So, NPC type is the “class” of NPC – we might want general humans to be spawning in lower-class housing districts, classes of soldier to spawn in the military districts (who I intend to give patrol routes to, but that hasn’t been coded yet), clerks and diplomats might be spawning in the city centre, and so forth. Capital letter NPCs will be specially tracked by the game, whereas lower-case NPCs make up the crowd. Also, nations which keep slaves will spawn slaves in the appropriate districts, just as nations which have eunuchs will spawn a very small number of those unfortunate individuals around the place. NPC wealth, meanwhile, means currently the quality of their clothing (and, in the future, the quality of any armour, weapons, bodyguards, jewelry, etc) – this is obviously closely tied to the district that the crowd NPC is spawning in, but with some variation. Middle-class districts spawn mostly middle and a few lower wealth NPCs, lower-class districts do the reverse, markets spawn an even mix, and so on. NPC distance, lastly, relates to whether the NPC spawning is from that nation and from its capital; from that nation and from a distant town or colony; or from a different nation altogether. Currently everyone who walks around in a city is from that nation (though I will of course later add groups from other nations) but might be from different regions, so you’ll see people who are culturally similar – clothing, hair style, etc – but physically different (skin tone, hair colour, eye colour, etc) as they come from different areas of the same nation. The game picks all of these according to a range of factors, and then spawns a mix of NPCs appropriate for the crowd in a given nation.

Bugs and Issues

In this process I ran into a bunch of bugs and issues.
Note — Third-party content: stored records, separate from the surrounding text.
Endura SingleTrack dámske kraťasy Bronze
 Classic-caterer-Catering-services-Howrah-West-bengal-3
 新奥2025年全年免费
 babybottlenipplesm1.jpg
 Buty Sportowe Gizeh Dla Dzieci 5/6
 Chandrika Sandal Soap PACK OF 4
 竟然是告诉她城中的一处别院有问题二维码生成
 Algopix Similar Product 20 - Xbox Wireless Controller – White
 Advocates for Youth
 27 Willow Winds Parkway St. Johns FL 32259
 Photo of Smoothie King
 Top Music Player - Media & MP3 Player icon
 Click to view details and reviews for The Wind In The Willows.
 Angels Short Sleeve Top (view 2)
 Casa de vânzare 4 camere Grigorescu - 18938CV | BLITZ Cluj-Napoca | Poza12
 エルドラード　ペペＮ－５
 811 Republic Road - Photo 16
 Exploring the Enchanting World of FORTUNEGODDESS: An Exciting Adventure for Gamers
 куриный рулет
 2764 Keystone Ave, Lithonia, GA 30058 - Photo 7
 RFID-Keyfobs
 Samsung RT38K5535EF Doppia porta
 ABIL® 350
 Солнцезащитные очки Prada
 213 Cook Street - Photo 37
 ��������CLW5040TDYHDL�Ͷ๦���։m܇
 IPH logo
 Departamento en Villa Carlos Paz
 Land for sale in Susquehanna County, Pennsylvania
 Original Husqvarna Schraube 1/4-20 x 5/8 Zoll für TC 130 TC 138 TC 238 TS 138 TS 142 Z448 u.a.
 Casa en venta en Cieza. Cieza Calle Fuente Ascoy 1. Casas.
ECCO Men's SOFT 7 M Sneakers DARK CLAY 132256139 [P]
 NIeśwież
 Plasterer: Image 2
Firstly, for some reason, saving and loading the game would cause the AI for each NPC in the crowd, and the NPC itself, to become disconnected so they no longer referred to each other, meaning that when I tried to delete “self” from the list of NPCs when a given NPC no longer needed to be around, it couldn’t find self, and crashed. Weird. I tried to find a proper solution to this issue, but in the end I just changed it so that the scheduler only referenced the .npcid of each NPC, rather than the NPC itself, and that meant that even if some byte somewhere in the AI changed itself in saving/loading for reasons I could not divine, the npcid was always remaining the same (being a variable, not an instance of the AI class attached to an instance of the NPC class), and so the game could always identify the correct NPC and AI to delete upon reloading. Similarly, moving on the human-scale from district to district made some weird errors like massive groups of NPC suddenly spawning and NPCs from the next map tile teleporting into another map tile, but those were all quickly fixed. Some maps were also coming up with extremely rare tiles which didn’t have a .roadmarker variable, which denotes what NPCs are/aren’t allowed on it and whether it is a road curve which should be treated specially, but that was due to another bug I hadn’t even noticed involving the types of terrain spawning under trees (we had some trees spawning on road tiles!). This has all been sorted, and it all runs extremely smoothly. Additionally I noticed some unnecessary variables were still stored on every tile in the human-scale maps, so those have been removed, and save files have been reduced by around 15% as a result, with an attendant (very minor) improvement in load times!

Next up?

Well, the next things to do are to extend this outside cities. I need to get NPCs behaving sensibly in slums, graveyards, villages, fortresses and tribal settlements, each of which is going to need some unique changes to the algorithms I’ve worked on for cities. After that, we’ll be moving onto handling NPCs within buildings (and entering/leaving buildings), which is obviously extremely imporant. Then we’ll be moving onto unique NPCs who are specially tracked by the game because they matter (merchants in shops, rulers, nobles, etc) and who therefore need to be able to move around the world. These three steps are my three primary goals for the rest of July (it’s a lot, but I think I can crunch it), then in August I’ll be moving onto finishing off clothing styles (we’ve got feudal clothing almost finished, but I need to add military clothing, religious clothing, nomadic clothing, and tribal clothing, so there’s still a ton to do on that front!) and adding in a conversation system to the game. This system is going to be essential, so I really need to think hard about how the conversation system should work, what the balance is between the hand-made and procedural, etc. Then I need to redo how families and allegiances/associations work, fix a bunch of minor bugs from the last few versions which continue to stack up, and then 0.8 will (amazingly) be pretty much done. Aiming for a September release currently, which is around the time I’ll be starting a new job I can’t yet formally announce, and probably starting work on the other secret project I also can’t yet announce (both game-related, though!). Exciting times! Let me know what you think of this week’s development, and I’ll see you all in seven days…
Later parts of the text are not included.